**Directions**
The response must be the exact lines from the line holding "Dark Blue Floral Printed Crepe Gown" through the end of the entries, with no pictures and nothing else.

--------------------

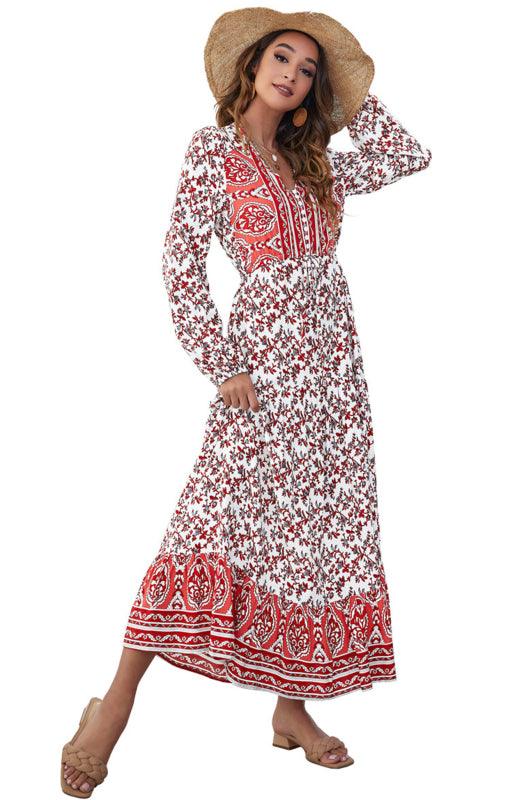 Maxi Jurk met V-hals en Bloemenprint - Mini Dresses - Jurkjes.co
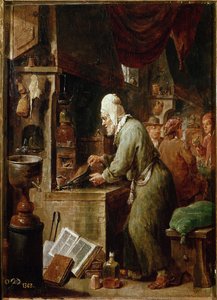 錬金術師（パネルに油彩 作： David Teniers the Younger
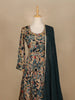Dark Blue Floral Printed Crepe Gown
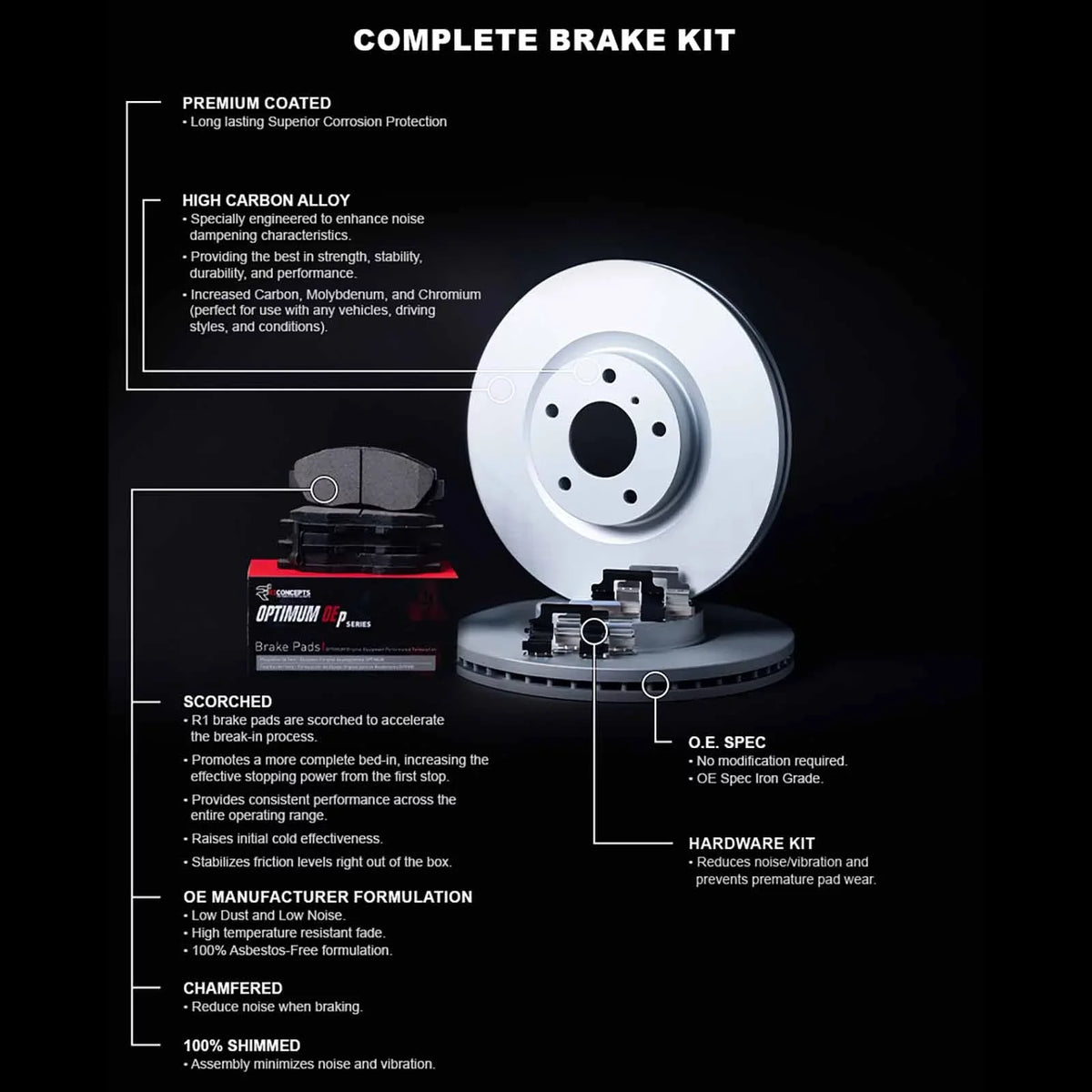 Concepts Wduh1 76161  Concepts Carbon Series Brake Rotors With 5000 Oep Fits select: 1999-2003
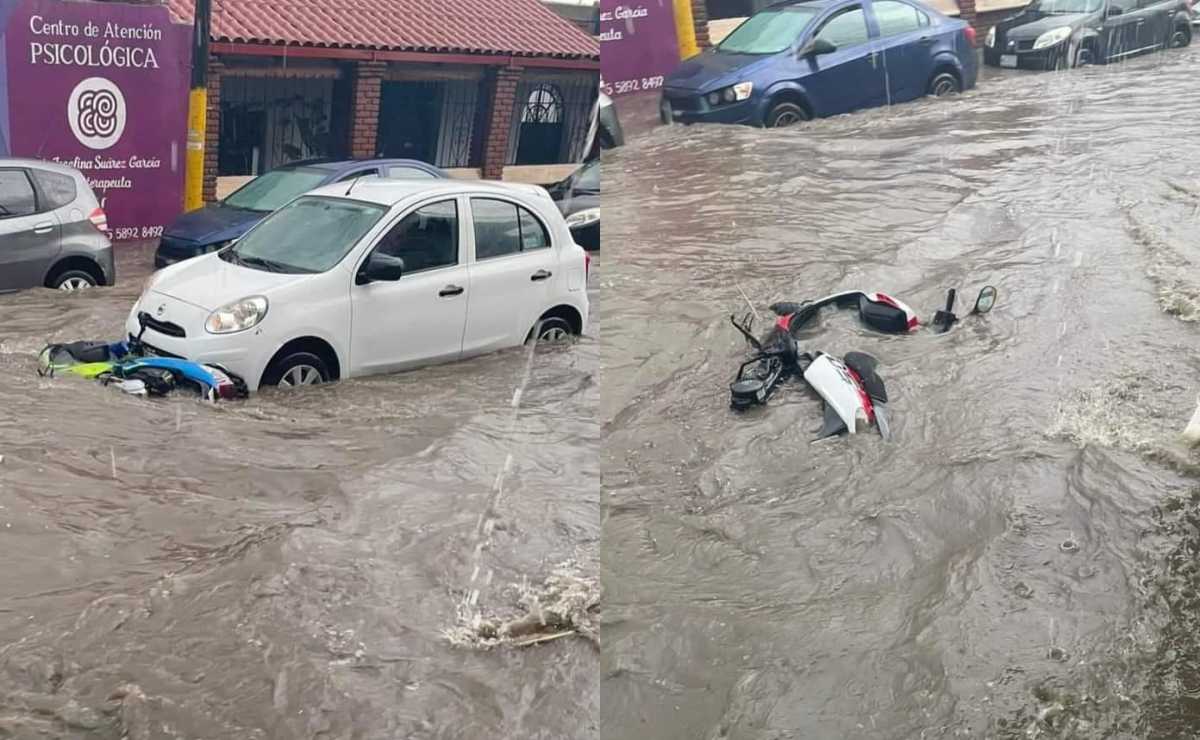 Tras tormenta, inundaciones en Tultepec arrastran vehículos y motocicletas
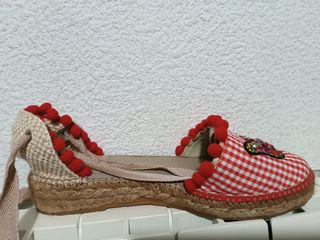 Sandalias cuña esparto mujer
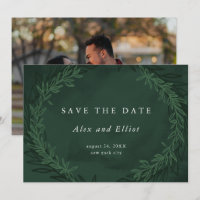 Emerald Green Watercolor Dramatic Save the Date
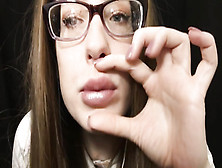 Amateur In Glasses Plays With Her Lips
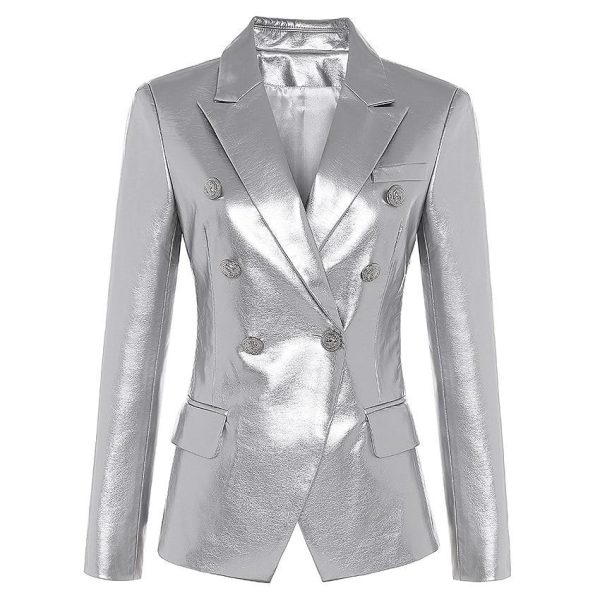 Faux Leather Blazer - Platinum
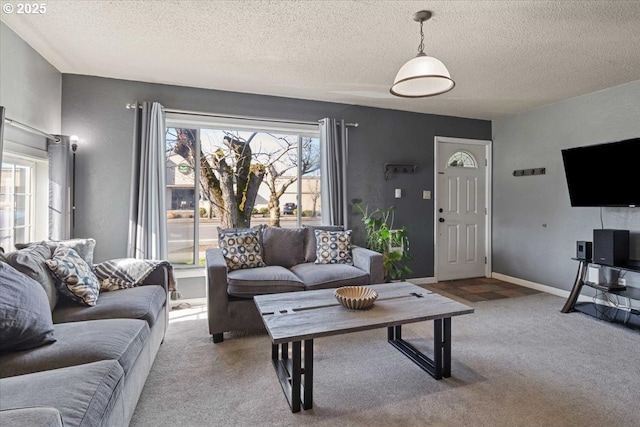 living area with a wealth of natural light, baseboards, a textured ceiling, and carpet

--------------------

**Answer for the task**
Dark Blue Floral Printed Crepe Gown
 Concepts Wduh1 76161  Concepts Carbon Series Brake Rotors With 5000 Oep Fits select: 1999-2003
 Tras tormenta, inundaciones en Tultepec arrastran vehículos y motocicletas
 Sandalias cuña esparto mujer
 Emerald Green Watercolor Dramatic Save the Date
 Amateur In Glasses Plays With Her Lips
 Faux Leather Blazer - Platinum
 living area with a wealth of natural light, baseboards, a textured ceiling, and carpet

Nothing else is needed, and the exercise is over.